Fear and foreboding took hold on Wall Street Thursday as the stock market again plunged and investors became convinced that the nation is on the verge of a deep and prolonged recession.

The government took steps toward an extraordinary public investment in U.S. banks and General Motors stock fell to its lowest price since 1950 on fears that it will not be able to weather the downturn.

Share prices fell across every industry and for each of the 30 stocks in the Dow Jones industrial average, which was down 679 points, or 7.3 percent.

The rout continued in Asian markets, where stocks plummeted in early trading today.

The United States and Britain appear to be converging on a similar blueprint for the financial chaos sweeping the world, one day before a crucial meeting of financial leaders begins in Washington that the White House hopes will result in a more unified response.

The British and U.S. plans, though far from identical, have two common elements: injection of government money into banks in return for ownership stakes and guarantees of repayment for various types of interbank loans.

Both remedies will be center stage on Saturday, when President Bush meets with finance ministers from the world's richest countries at an unusual White House meeting to swap ideas.

With credit markets still frozen and stock markets around the world in a deep swoon, there is a growing consensus that the crisis is now so fast-moving and harmful to the global economy that it demands an unprecedented degree of worldwide coordination.

Prime Minister Gordon Brown of Britain made the case, in a letter to President Nicolas Sarkozy of France, for another option gaining favor among economists — guaranteeing short- and medium-term loans between banks — to jump-start the banks' lending.

Need cash, now

The White House confirmed that the Treasury Department was considering taking ownership positions in banks as part of its $700-billion rescue package. But officials said the idea was less developed than the plan to buy distressed assets from banks through "reverse auctions."

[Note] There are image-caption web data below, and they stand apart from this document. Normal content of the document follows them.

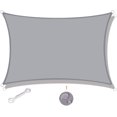 thumbnail image 1 of Vela de sombra rectangular, 2x2m, impermeable y resistente a los rayos UV, gris, 1 of 5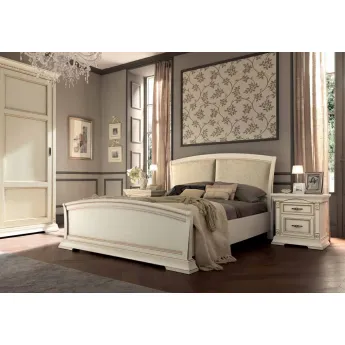 Кровать Palazzo Ducale Laccato Prama 140х200 с мягким изголовьем и изножьем 71BO13LT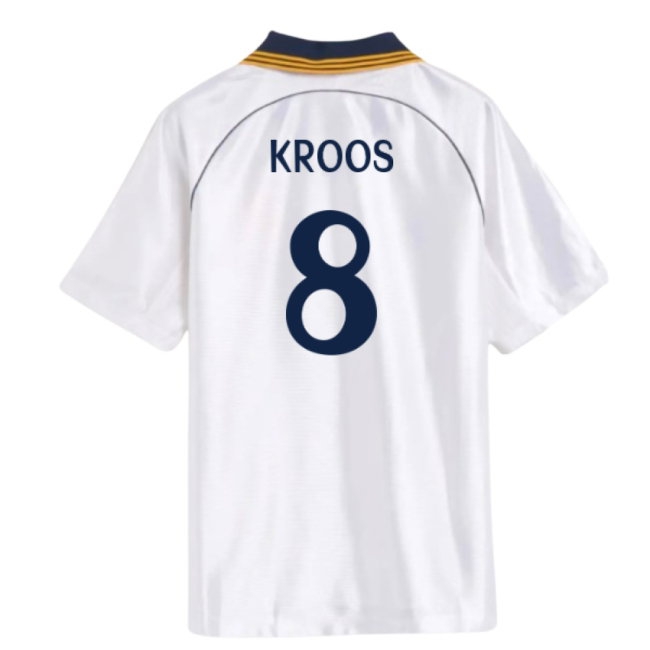 1998-2000 Real Madrid Reissue Home Shirt (Kroos 8) — Buy Now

The goal, Treasury officials said, is a plan that would be broadly available to all banks, rather than through specific rescue packages negotiated case-by-case. Direct injections of cash would be for comparatively healthy banks. If a bank is failing and needs to be rescued or shut down, the Federal Deposit Insurance Corp. would handle it through its own procedures.

The Treasury proposal to recapitalize banks stems from the realization that as the stock market keeps tumbling, and as mortgage-related securities on banks' balance sheets also plummet, it has become harder for banks to raise fresh capital from investors.

The government concluded it would be able to deliver capital faster and with greater assurance if it did so directly.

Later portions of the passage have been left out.